Start of Block

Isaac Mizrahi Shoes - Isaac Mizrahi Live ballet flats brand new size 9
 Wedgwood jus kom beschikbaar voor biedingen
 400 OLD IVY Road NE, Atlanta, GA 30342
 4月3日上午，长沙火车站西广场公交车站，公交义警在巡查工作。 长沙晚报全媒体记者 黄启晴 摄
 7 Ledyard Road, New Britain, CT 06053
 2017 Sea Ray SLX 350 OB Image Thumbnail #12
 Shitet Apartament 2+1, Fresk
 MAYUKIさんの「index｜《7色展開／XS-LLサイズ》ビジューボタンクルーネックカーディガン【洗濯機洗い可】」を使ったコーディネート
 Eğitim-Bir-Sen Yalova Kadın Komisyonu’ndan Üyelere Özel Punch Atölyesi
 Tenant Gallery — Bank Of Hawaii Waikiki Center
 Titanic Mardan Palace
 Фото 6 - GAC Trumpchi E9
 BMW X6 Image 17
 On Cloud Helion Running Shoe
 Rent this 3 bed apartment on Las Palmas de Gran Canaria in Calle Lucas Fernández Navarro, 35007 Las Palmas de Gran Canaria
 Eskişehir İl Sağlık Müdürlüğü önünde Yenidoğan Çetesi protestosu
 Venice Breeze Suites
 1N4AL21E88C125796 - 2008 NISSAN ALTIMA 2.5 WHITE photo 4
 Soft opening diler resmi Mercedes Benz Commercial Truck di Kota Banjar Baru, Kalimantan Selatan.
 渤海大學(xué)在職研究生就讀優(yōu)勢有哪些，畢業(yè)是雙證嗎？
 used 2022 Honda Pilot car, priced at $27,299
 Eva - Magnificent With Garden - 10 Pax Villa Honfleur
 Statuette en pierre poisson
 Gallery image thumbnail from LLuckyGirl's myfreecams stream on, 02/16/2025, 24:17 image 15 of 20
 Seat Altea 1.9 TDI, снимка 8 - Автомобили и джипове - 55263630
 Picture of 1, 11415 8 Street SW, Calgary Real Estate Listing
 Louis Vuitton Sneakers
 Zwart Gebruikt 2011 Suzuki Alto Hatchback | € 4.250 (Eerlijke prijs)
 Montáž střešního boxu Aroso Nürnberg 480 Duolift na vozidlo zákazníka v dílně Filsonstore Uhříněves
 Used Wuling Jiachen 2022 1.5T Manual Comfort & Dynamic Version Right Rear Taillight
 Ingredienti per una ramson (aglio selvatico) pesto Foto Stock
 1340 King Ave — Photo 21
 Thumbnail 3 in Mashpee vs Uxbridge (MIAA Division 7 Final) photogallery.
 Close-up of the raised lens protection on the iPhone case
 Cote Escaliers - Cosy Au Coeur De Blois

End of Block

## [PROBLEM STATEMENT]
Output exactly the lines of the material above from the one containing "4月3日上午，长沙火车站西广场公交车站，公交义警在巡查工作。 长沙晚报全媒体记者 黄启晴" up to and including the one containing "Titanic Mardan Palace".

## [PROBLEM SOLUTION]
 4月3日上午，长沙火车站西广场公交车站，公交义警在巡查工作。 长沙晚报全媒体记者 黄启晴 摄
 7 Ledyard Road, New Britain, CT 06053
 2017 Sea Ray SLX 350 OB Image Thumbnail #12
 Shitet Apartament 2+1, Fresk
 MAYUKIさんの「index｜《7色展開／XS-LLサイズ》ビジューボタンクルーネックカーディガン【洗濯機洗い可】」を使ったコーディネート
 Eğitim-Bir-Sen Yalova Kadın Komisyonu’ndan Üyelere Özel Punch Atölyesi
 Tenant Gallery — Bank Of Hawaii Waikiki Center
 Titanic Mardan Palace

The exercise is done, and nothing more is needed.